-------- PROVIDED DATA

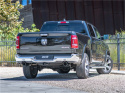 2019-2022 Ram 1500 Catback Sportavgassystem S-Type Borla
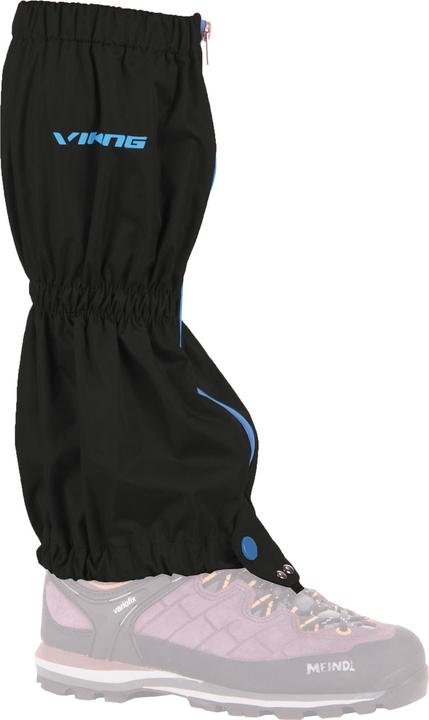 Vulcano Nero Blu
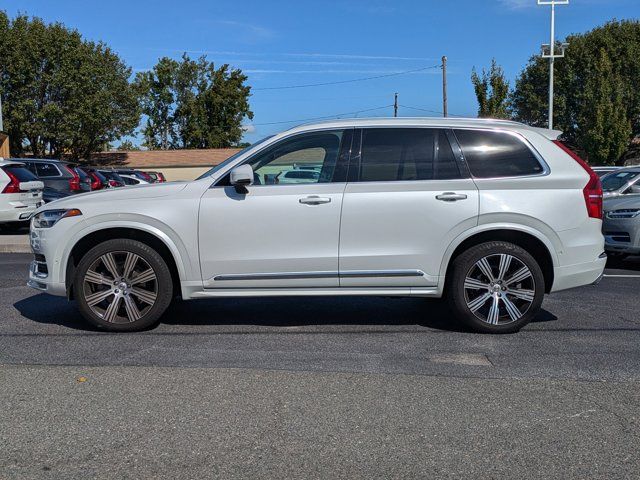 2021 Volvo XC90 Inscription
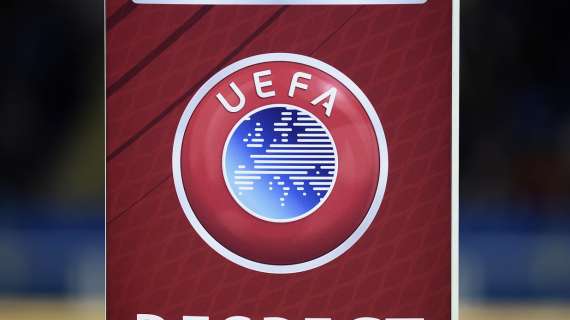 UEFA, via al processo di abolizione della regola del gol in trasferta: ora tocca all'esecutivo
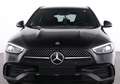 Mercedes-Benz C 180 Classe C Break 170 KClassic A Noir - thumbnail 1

----------------

◆ **EXERCISE OBJECTIVE**
Set out nothing but the lines from the line with "Vulcano Nero Blu" through the end of the material, reproduced exactly, both ends included, pictures omitted.

◆ **EXPECTED ANSWER**
 Vulcano Nero Blu
 2021 Volvo XC90 Inscription
 UEFA, via al processo di abolizione della regola del gol in trasferta: ora tocca all'esecutivo
 Mercedes-Benz C 180 Classe C Break 170 KClassic A Noir - thumbnail 1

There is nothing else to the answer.